É que a “decolagem da economia grega” que parece estar buscando o arco anglo-saxão (casa matriz do neoliberalismo), é na realidade uma decolagem dos lucros capitalistas. Esta decolagem se basearia logicamente em custos trabalhistas rebaixados em 16% e muito mais que isso porque seu preço de mercado está sujeito a um exército de desempregados equivalente a 26% da população grega. Além disso os capitais externos poderão aproveitar as privatizações em uma Grécia totalmente desvalorizada. Um negócio redondo. Aí sim, a chave é aproveitar os ganhos de “competitividade” obtidos que não se conseguem tão facilmente. Vale mencionar também que o The Economist considera que se tem que tratar a Grécia como um país africano em bancarrota.
Syriza
A partir de sua aliança com o partido nacionalista da direita xenófoba, Gregos Independentes, e a nomeação do principal dirigente deste partido no Ministério de Defesa, o Syriza enviou múltiplas mensagens. Entre as quais, para implementar um programa cada vez mais mergulhado em desvalorização progressiva, não tem intenção – reafirmando algo que já estava bastante claro – de apoiar-se na mobilização do movimento operário e de massas. A segunda é um limite ã sua obediência ã União Europeia. O primeiro aspecto fortalece as ilusões da frente anglo-saxã de fazer do Syriza um instrumento seu, buscando transformar a Grécia em um exemplo da possível recomposição da convivência entre a “democracia” e os “mercados”.
O segundo aspecto que abre a incógnita de um eventual giro da Grécia em direção ã Rússia e até onde poderia chegar, por agora é só isso, uma incógnita.
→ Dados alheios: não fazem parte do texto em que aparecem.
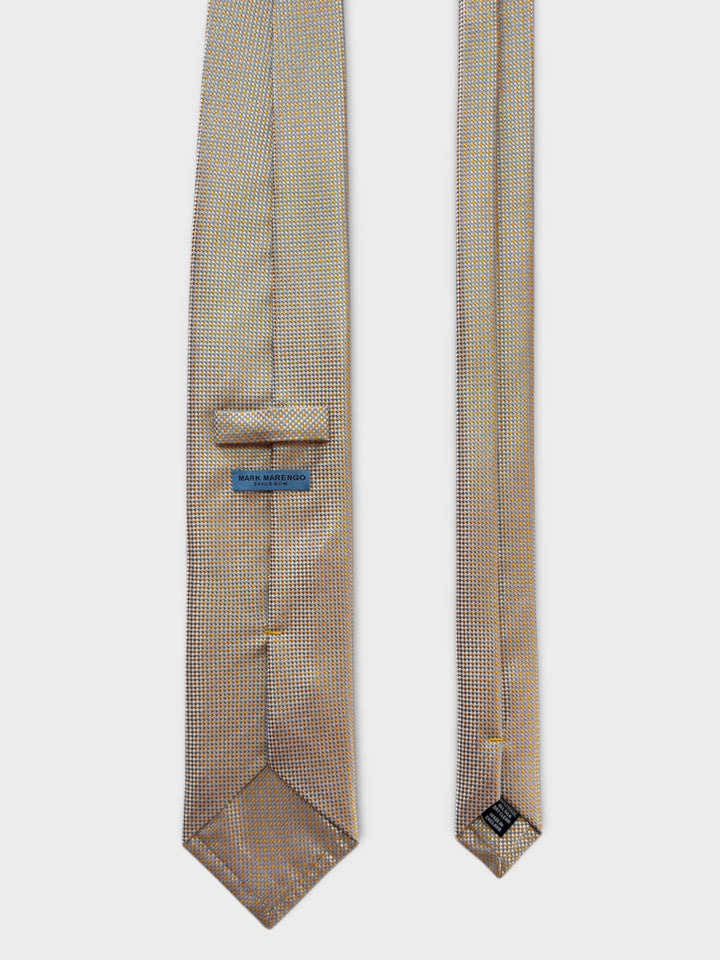 Orange Grey Textured Jacquard Silk Tie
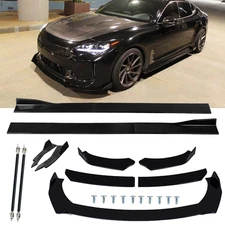 For Kia Stinger Front Bumper Lip Spoiler Splitter Gloss Black Body K Side Skirt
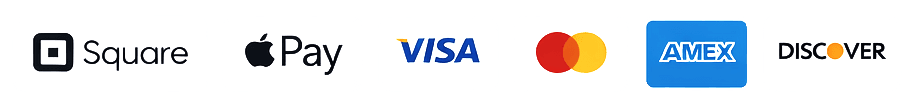 Square, Apple Pay, Visa, Mastercard, American Express, and Discover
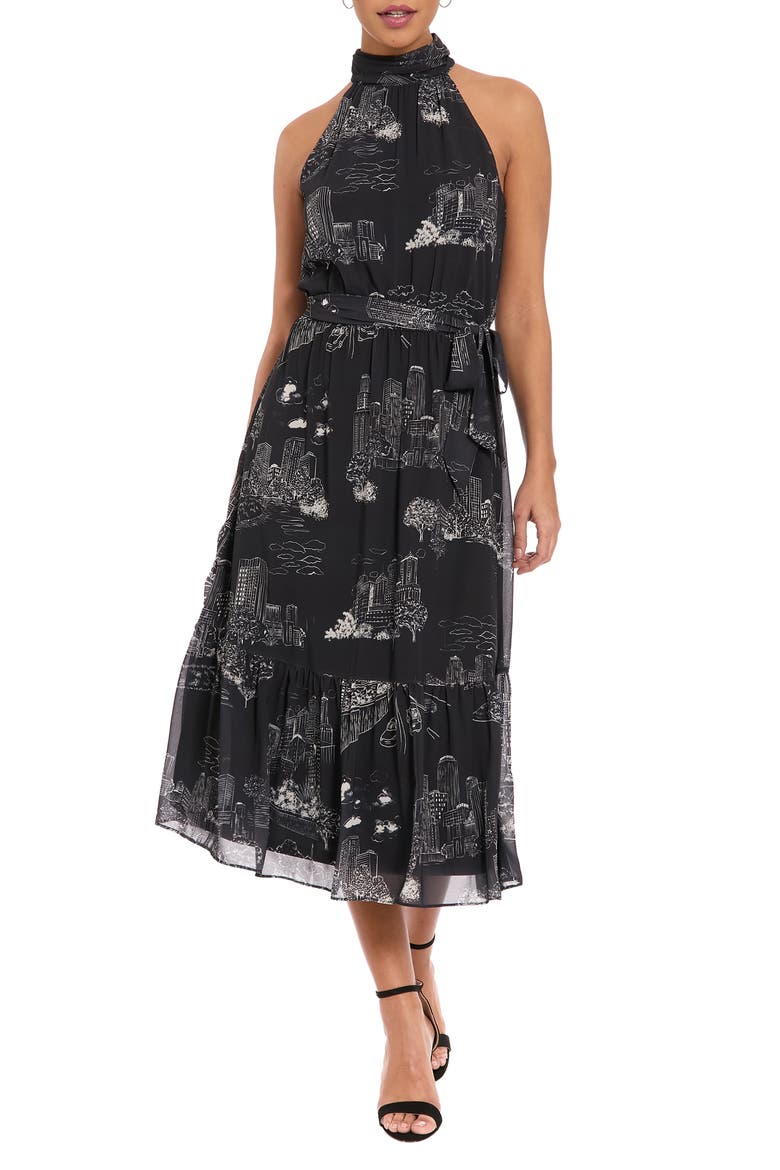 Tie Waist Halter Dress, Main, color, BLACK/ LIGHT CREAM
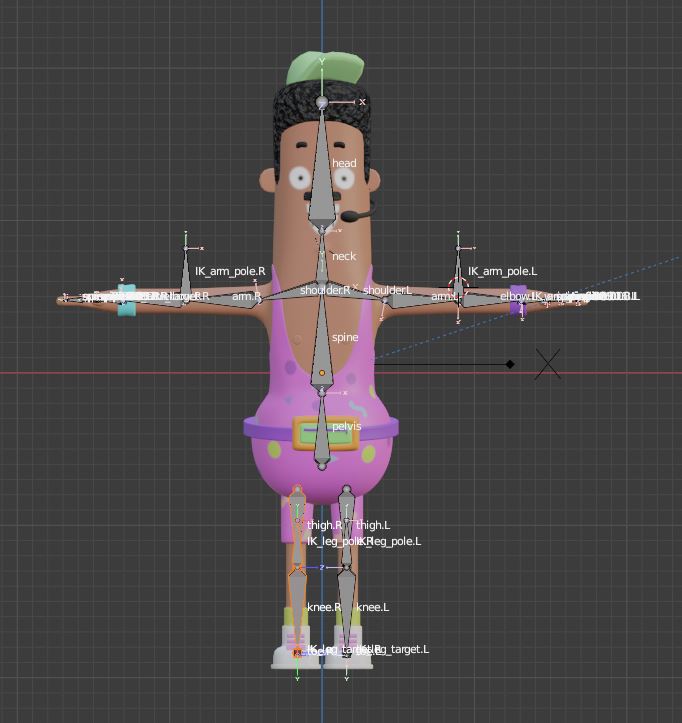 [블랜더 3D] 모델링된 캐릭터 리깅 웨이팅 뼈 심기 셋팅하기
O que é certo é que os Estados Unidos e a Grã-Bretanha a estão utilizando como outro instrumento de pressão sobre a Alemanha, cuja aliança com a Rússia ficou fortemente golpeada a partir da anexação da Crimeia e a continuidade do conflito sobre o futuro da Ucrânia. Nada está dito ainda. A utilização da Grécia como cenário para medir relações de força interimperialistas, poderia inclusive colocar mais lenha na fogueira de uma situação crítica. As forças dos trabalhadores e dos setores pobres e oprimidos da Grécia estão íntegras. No próximo período farão sua experiência com este novo governo como parte de um processo que recém começa.